Aeqai architecture and historic preservation critic/analyst Sue Ann Painter offers her thoughts on the about to be built new theater for The Shakespeare Festival in Over the Rhine, while contrasting and comparing that new building with a renovation/restoration of the Sorg Opera House in Middletown, both of which will continue to enrich this region architecturally.

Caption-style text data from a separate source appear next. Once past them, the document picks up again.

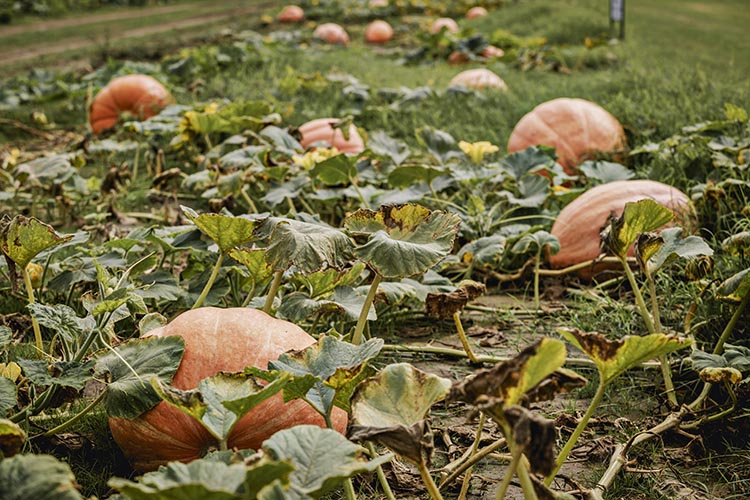 Peebles Fam works with USDA to protect their crops and conserve natural resources on their farm.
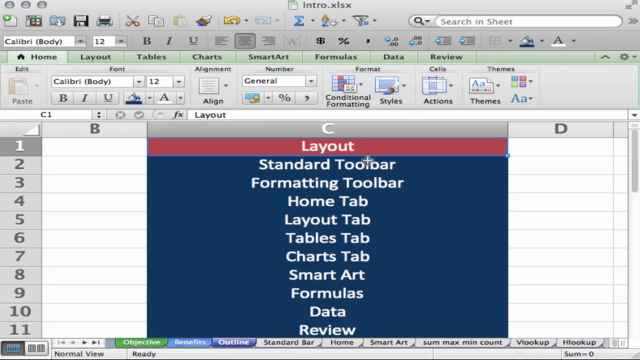 Microsoft Excel Beginner and Intermediate with Certificate – Screenshot 2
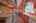 Blurred preview of media: IMG_1330_1_2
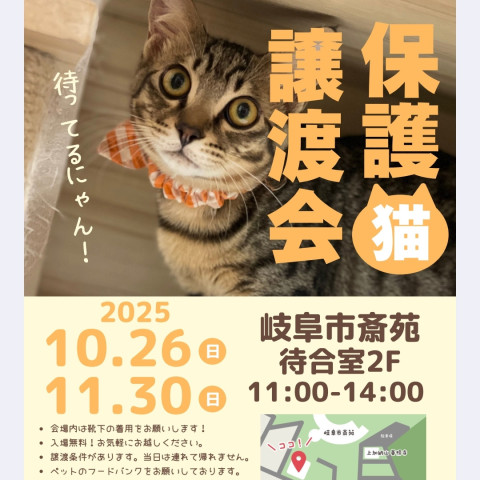 岐阜市保護猫  譲渡会
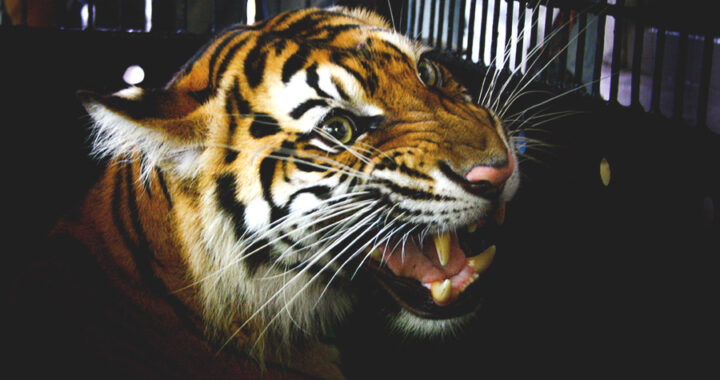 Pentingnya Konservasi Harimau di Alam Liar, Bukan Sebagai Satwa Domestikasi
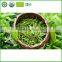 Chinese Green Tea price Sen Cha the vert de chine green tea benefit slimming green tea
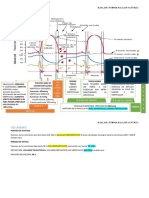 Ciclo Cardiaco PDF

Our out of town critics all return this month, with reviews from Anise Stevens from LA; Cynthia Kukla in Peoria, Illinois; Elisa Mader in Seattle (her review of a ‘simple’show where a curator asked Seattle area painters to paint one white cup has surprising results);and Joelle Jameson looks at the photography scene in Houston, parts of their version of our FotoFocus, with astute and often wry observations.

Lexington artist/writer Louis Zoellar Bickett offers us poignant new poems as his talent moves more and more into poetry as well as conceptual photography and his by now famous Archive.  I offer two book reviews this month, a rave about Jonathan Franzen’s Purity, and same on Geraldine Brooks’ new novel, The Secret Chord. Both are two of the best novels of 2015 to date, and this year’s quickly running out.

We appreciate all of you who attended aeqai’s benefit party at The Weston Gallery in The Aronoff Center on November l0, as well as those many and most generous artists who donated work for our silent auction to raise funds for our expansion and for our operating expenses.  The benefit went well, and the silent auction again manifested the incredibly high level of artistic talent in our region.  If you’d still like to donate to Aeqai, you can go to eventbrite.com or contact us and we’ll give you a mailing address.

As always, we appreciate your comments on our columns, and look forward to seeing you in about a month with our December issue of Aeqai.  Thanks for helping us to grow.